Labyrinths have been discovered throughout the world for at least 4,000 years. But that doesn’t mean we know who invented the first one, or where. Was he/she as old as dirt? Who really knows? However, something timeless and mysterious seems to tie them all together as if by a grand plan, yet no obvious big plan exists. Each labyrinth is more like a symbolic representation of some primordial pattern. And, that idea seems to have been hardwired into every brain in every culture. The labyrinth represents a common shared experience of living, making a journey, meditating on the meaning of life, achieving a goal or simply following your personal path—one step at a time. It is a metaphor for life itself. Even if we don’t know the exact origin of the labyrinth, we can all agree that it’s a powerful idea that remains meaningful and fully embraced to this day.
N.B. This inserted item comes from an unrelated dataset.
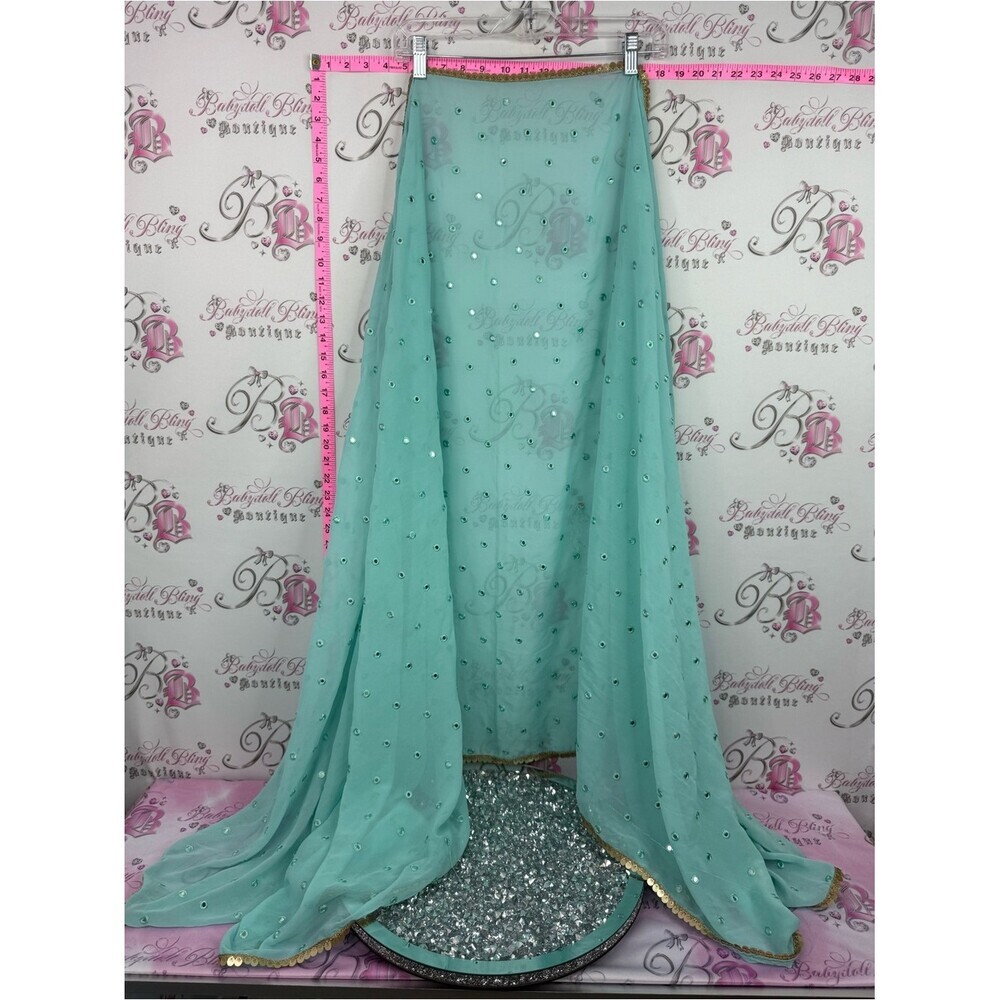 Scarf large size or table cloth Aqua Mint Beaded Chiffon Saree with Gold Trim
Nobody thinks much about a labyrinth until you’re presented a mysterious and urgent need for one. They’re like that special jar-opening tool in the kitchen that you need RIGHT NOW! There must be one around here somewhere, but where is it? (freeing the stubborn lid from a jar is reminiscent of a labyrinth’s ability to ease the cross-threaded barriers to living our best life). Well, we found ourselves in need of a labyrinth one day. One of us had a vague recollection of something like that just down the street from our place. You know the feeling? You’ve seen it out of the corner of your eye, but didn’t really pay that much attention. There was something that looked more like a garden sculpture in the center of some hedges. But wait. Upon closer inspection, a bold discovery was revealed—a fantastic contemporary labyrinth “right there in our own backyard.”
“Eureka!” We found it!
Twenty-five years ago, three artists were commissioned to create a piece of sculpture to commemorate the beginning of the “Martin Luther King Jr. Promenade” in downtown San Diego. Their idea was to create a labyrinth with messages set into concrete bordering a stone path. The series of phrases prompts the meditative walker to consider the ways we can grow by “shedding” that which is limiting and/or no longer useful. When we shed negative attributes, we create space to “don” positive qualities. The short walk culminates at an incredible bronze tower, apparently built from transformed scraps of metal, which may symbolize that “shedding/donning” process—soaring upward into the beautiful blue Southern California sky. The sculpture is impressive yet unfinished—much like our own life’s work. True transformation seems to require examining the negative to glean the positive. Which is the dismantling and which is the building? Hmm. Perhaps they’re one and the same.
In either case, there’s definitely important solitary work to be done . . . one step at a time!
Stepping into the labyrinth, there’s a concrete border on each side of the gravel path. Alternating from one side to the other as you walk are messages engraved in the borders—with “shedding” on one side and “Donning” on the other, as follows:
Shedding the cloak of Oppression”—”Donning the cloak of Reconciliation”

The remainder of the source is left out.